Highway 206 (AR 206 and Hwy. 206) is a designation for three east–west state highways in the Ozark Mountains in the United States. Each segment was created during periods of state highway systemwide expansions ordered by the Arkansas General Assembly to add system mileage in every county, first in 1957, and again in 1973. All are low-traffic highways providing connectivity between rural communities and major highways in the area. All are maintained by the Arkansas Department of Transportation (ArDOT).

==Route description==
The ArDOT maintains Highway 206 like all other parts of the state highway system. As a part of these responsibilities, the department tracks the volume of traffic using its roads in surveys using a metric called average annual daily traffic (AADT).

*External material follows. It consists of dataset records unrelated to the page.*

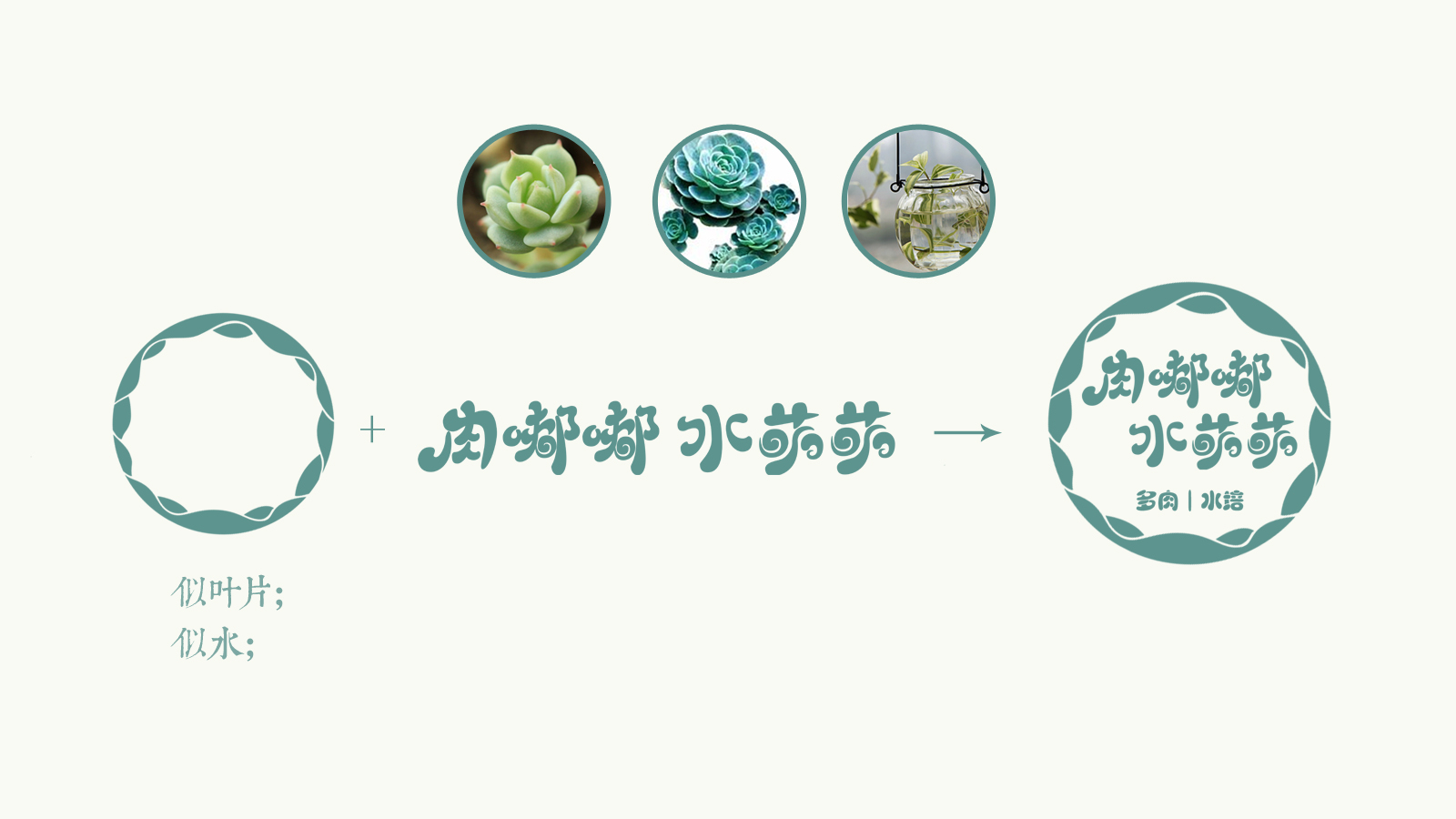 多肉植物标志设计和名片设计 (4).jpg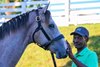 Steve Mitchell with hip 3107 colt by Tacitus out of True to You at Machmer Hall Sales
Scenes from the Keeneland September sale near Lexington, Ky., on Sept. 18, 2024. 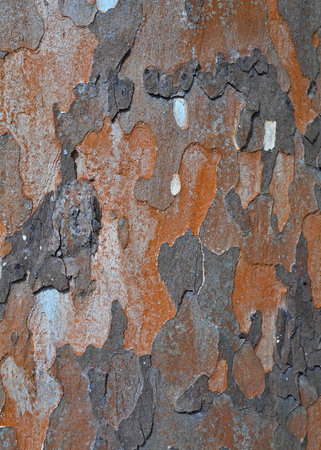 Close-up view of tree bark revealing a mix of orange, brown, and gray hues, creating an abstract...
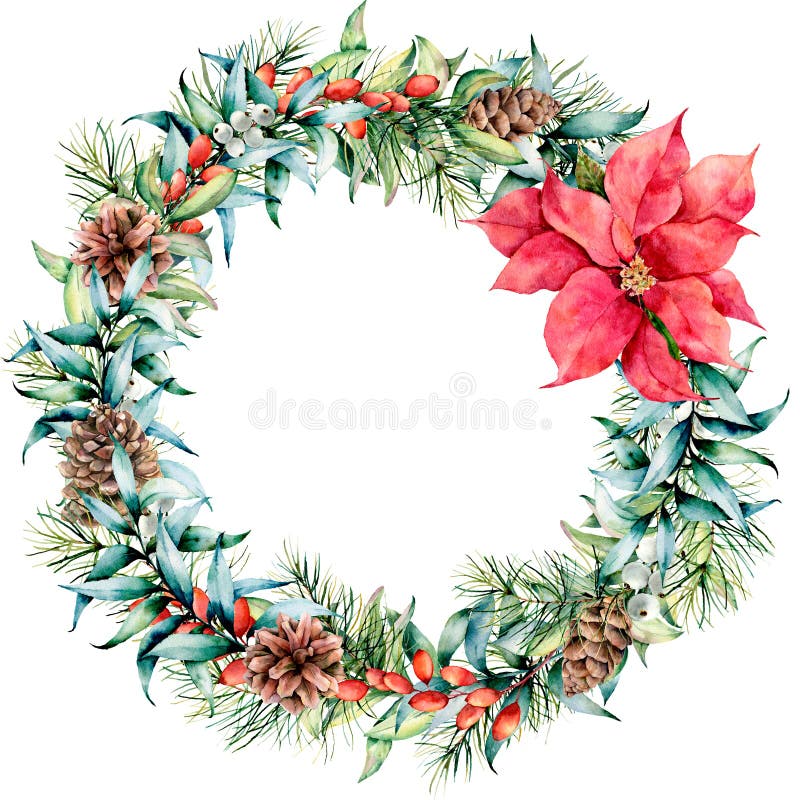 Watercolor Christmas wreath with eucalyptus and poinsettia. Hand painted fir border with cones, berries, eucalyptus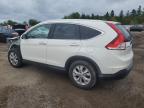 2014 HONDA CR-V TOURING   for sale at Copart ON - TORONTO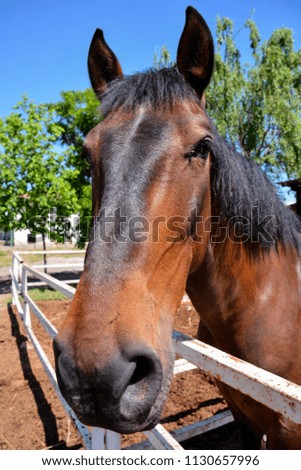 Photo picture of beautiful Horse on a farm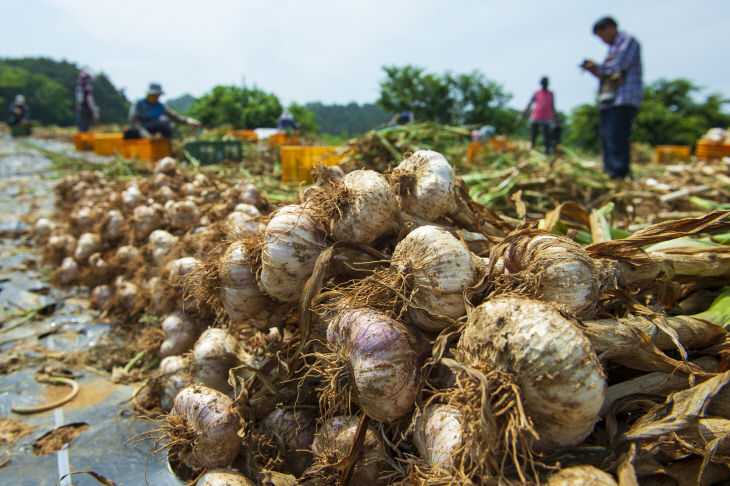 홍성마늘이 본격적인 출하를 앞두고 수확에 들어갔다.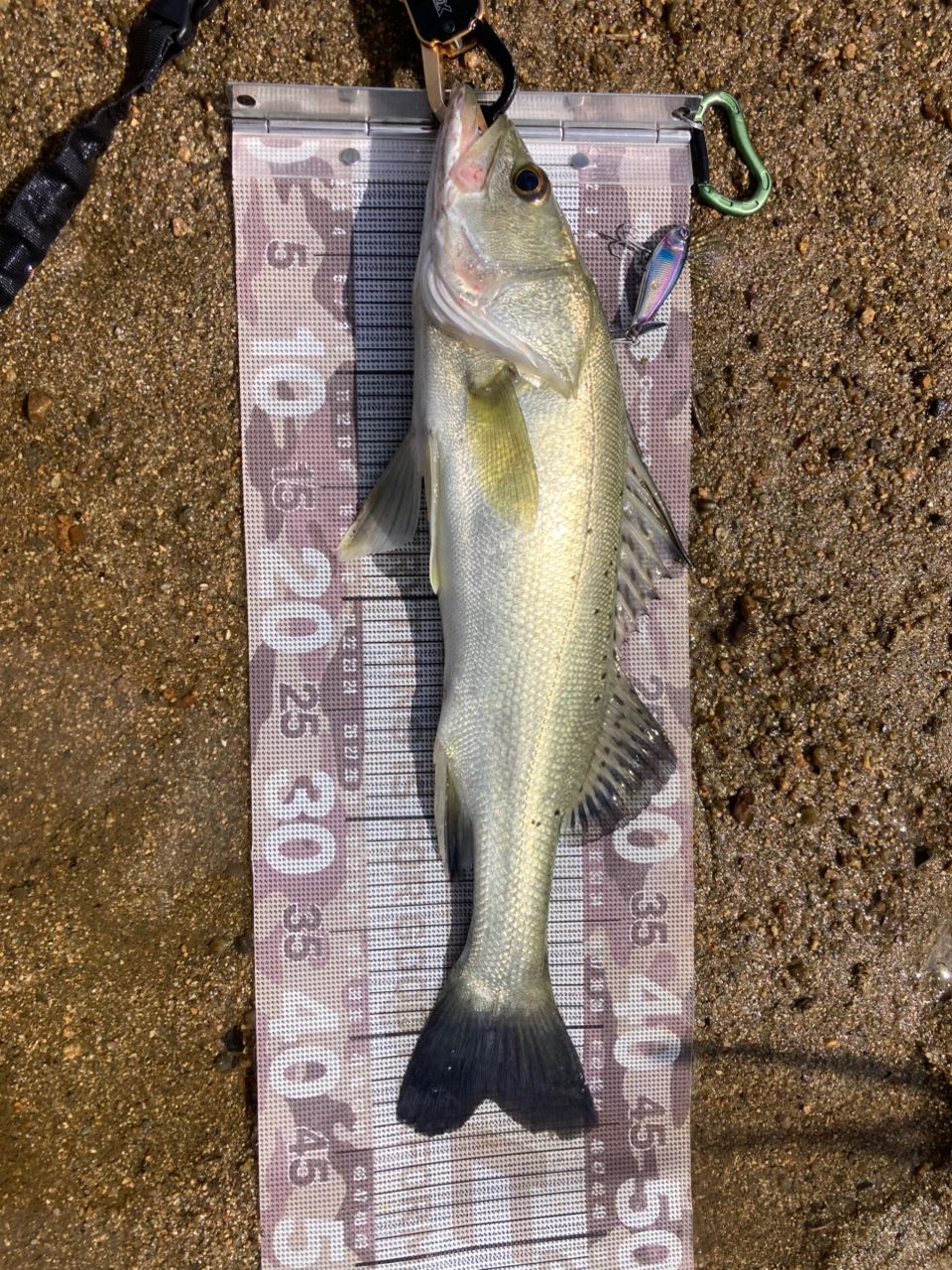 ダイワ 　22 シルバーウルフ AIR 76MLB-S DAIWA 22シルバーウルフ MX 76MLB-Sの最安値・インプレ・釣果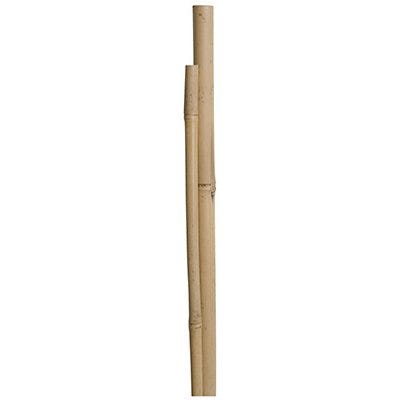 12PK 4' BAMBOO STAKES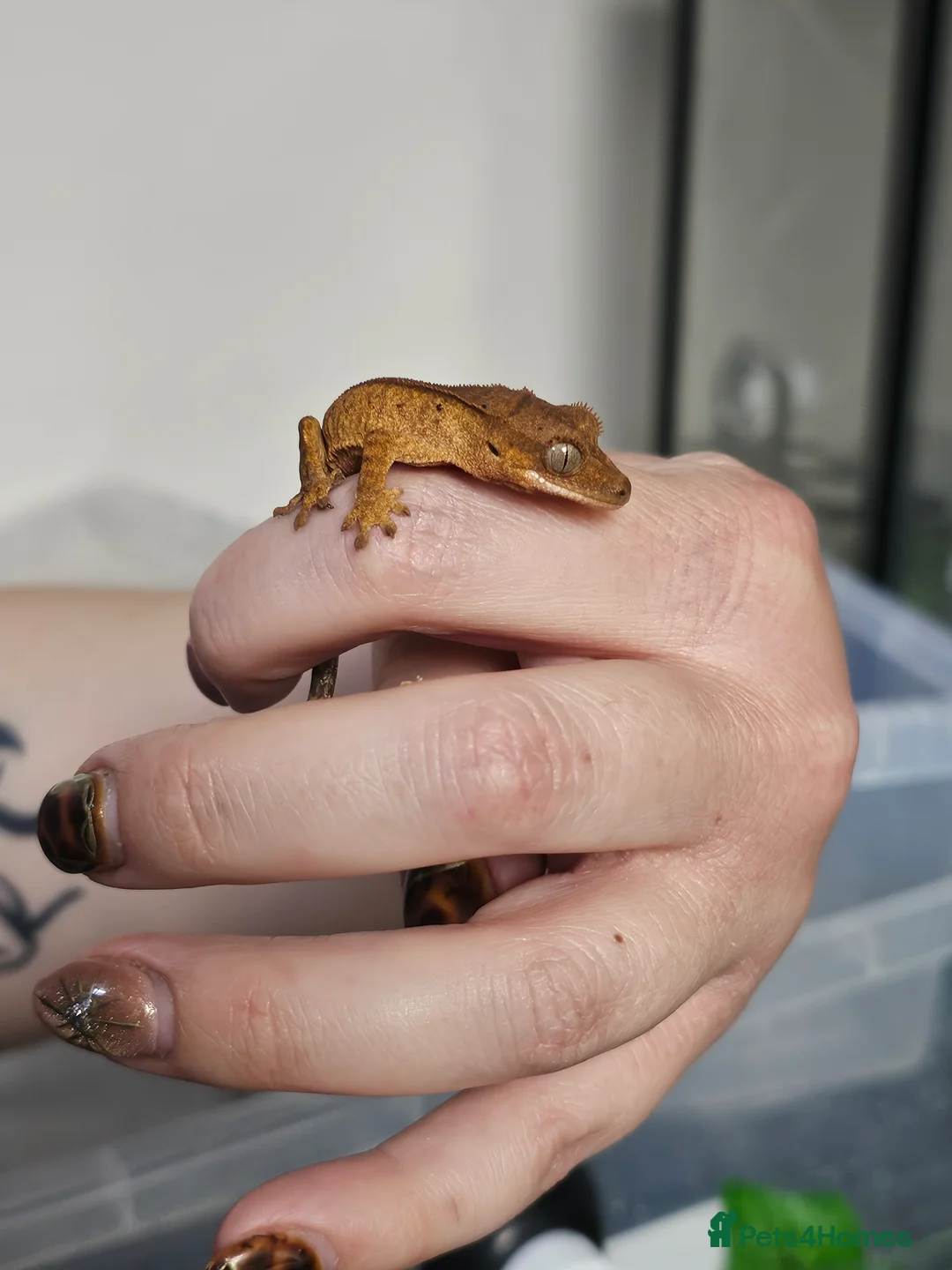 Leopard Gecko reptiles for sale: Cresties - Advert 2
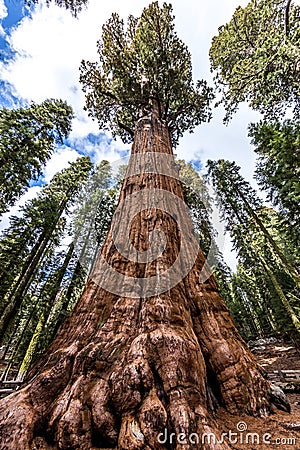 General Sherman tree in Giant sequoia forest Stock Photo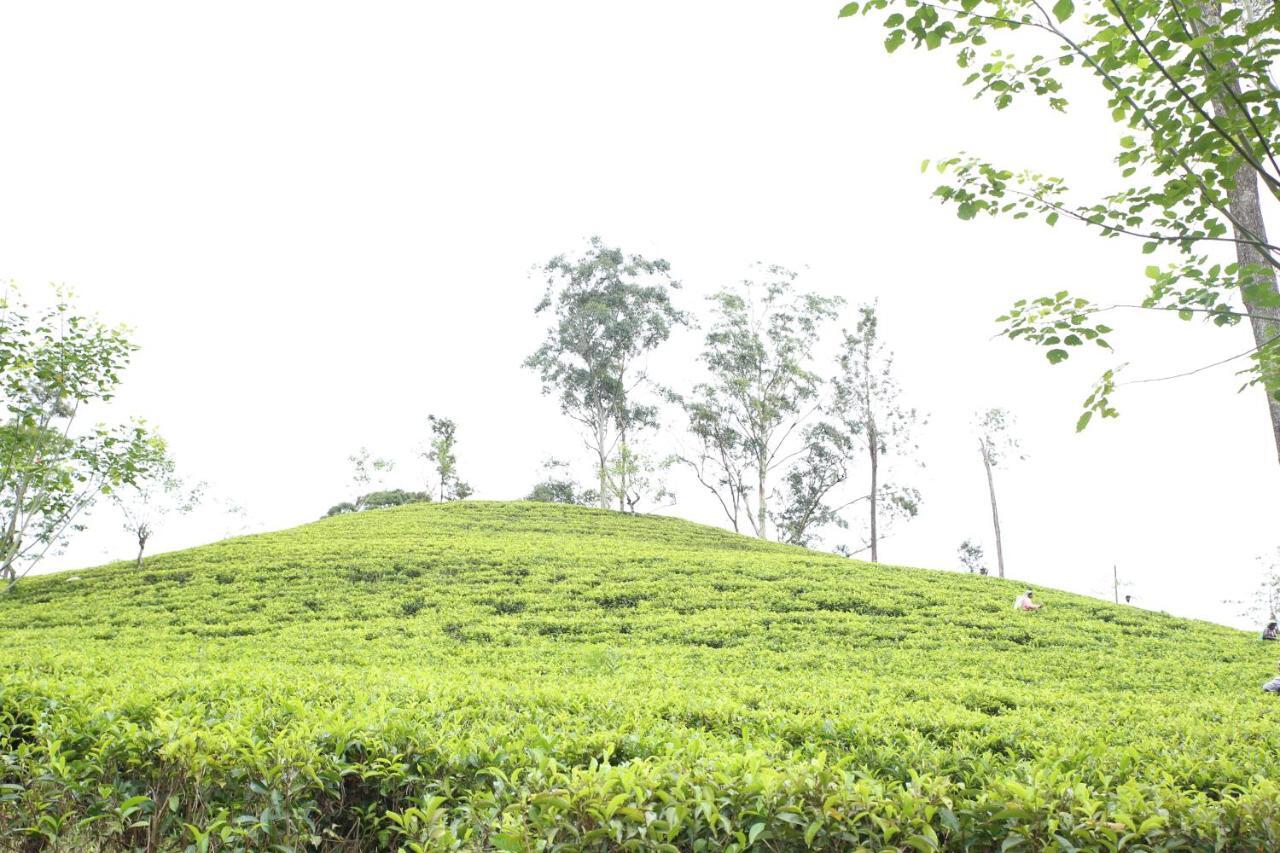 Apartmán Ella Tea Land View Exteriér fotografie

ArDOT estimates the traffic level for a segment of roadway for any average day of the year in these surveys. As of 2019, AADT was estimated at 1,300 vehicles per day (VPD) near Bellefonte and as low as 610 VPD near the western terminus of Section 1. Section 2 had an AADT of 830 VPD, with Section 3 ranging from 200 to 20 VPD. For reference, the American Association of State Highway and Transportation Officials (AASHTO), classifies roads with fewer than 400 vehicles per day as a very low volume local road.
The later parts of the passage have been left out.